PROBLEM STATEMENT
Write out exactly, and only, the lines below from the line with "Brunello Cucinelli Beige" through the line with "Apollo2 505mm Gloss"; pictures do not belong in the copy.

DATA SUPPLIED
——

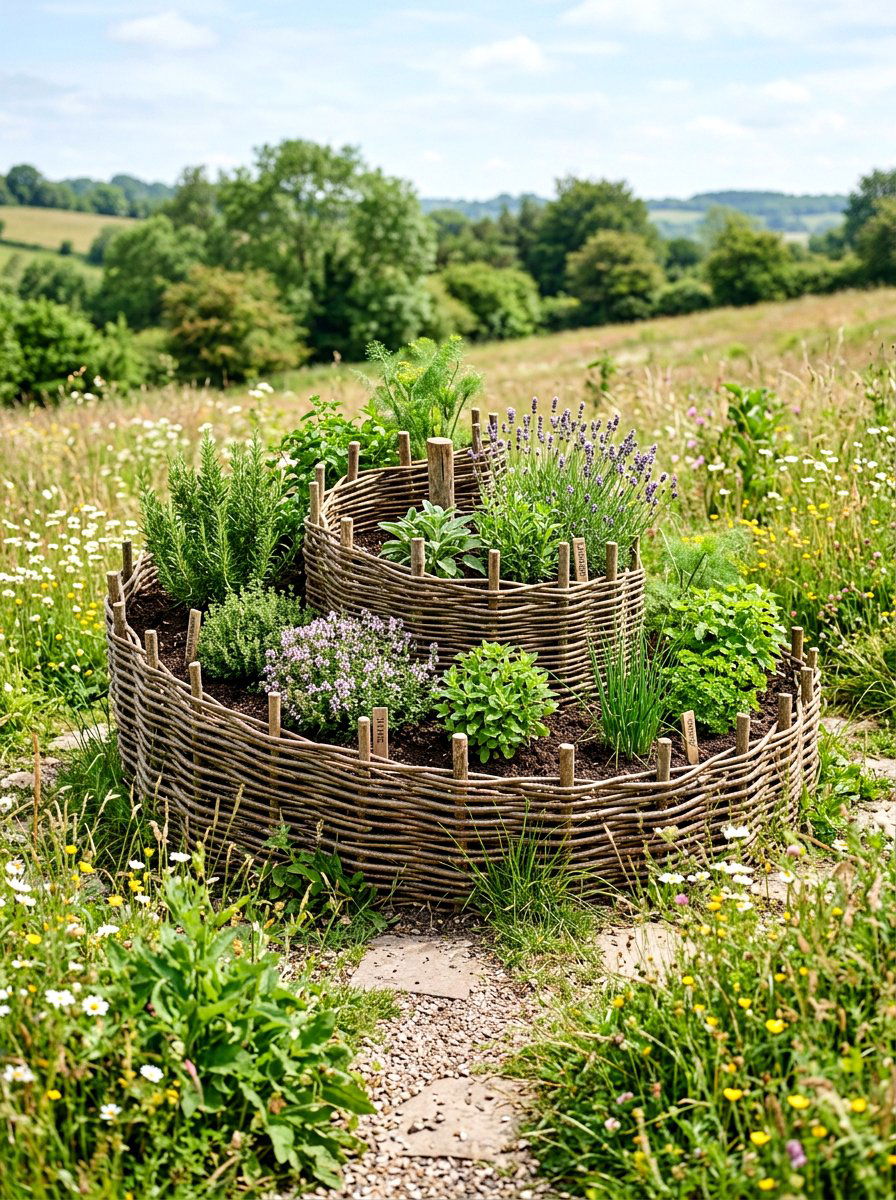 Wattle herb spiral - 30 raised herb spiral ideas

——

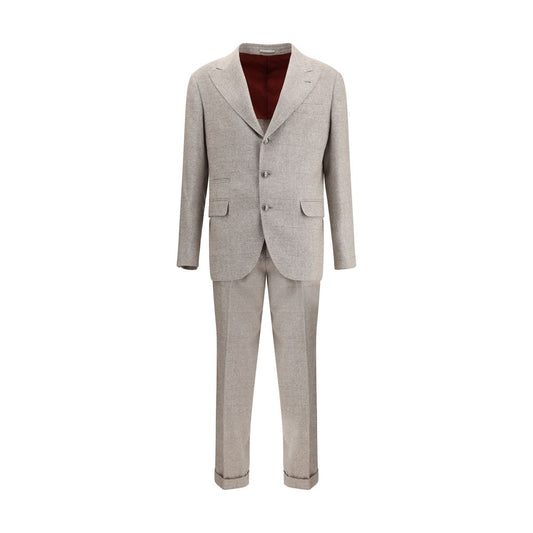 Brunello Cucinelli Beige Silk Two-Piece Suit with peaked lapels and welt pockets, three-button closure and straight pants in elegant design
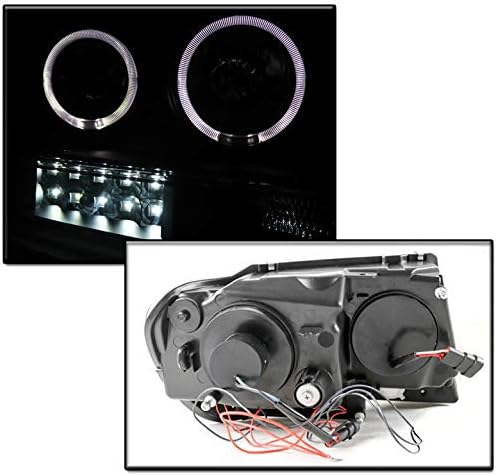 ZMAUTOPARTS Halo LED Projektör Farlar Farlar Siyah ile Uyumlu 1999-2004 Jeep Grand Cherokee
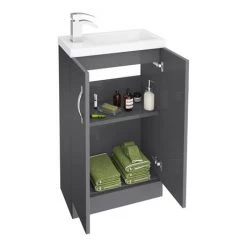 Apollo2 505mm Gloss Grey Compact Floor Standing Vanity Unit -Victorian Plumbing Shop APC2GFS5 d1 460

——

REPLY
 Brunello Cucinelli Beige Silk Two-Piece Suit with peaked lapels and welt pockets, three-button closure and straight pants in elegant design
 ZMAUTOPARTS Halo LED Projektör Farlar Farlar Siyah ile Uyumlu 1999-2004 Jeep Grand Cherokee
 Apollo2 505mm Gloss Grey Compact Floor Standing Vanity Unit -Victorian Plumbing Shop APC2GFS5 d1 460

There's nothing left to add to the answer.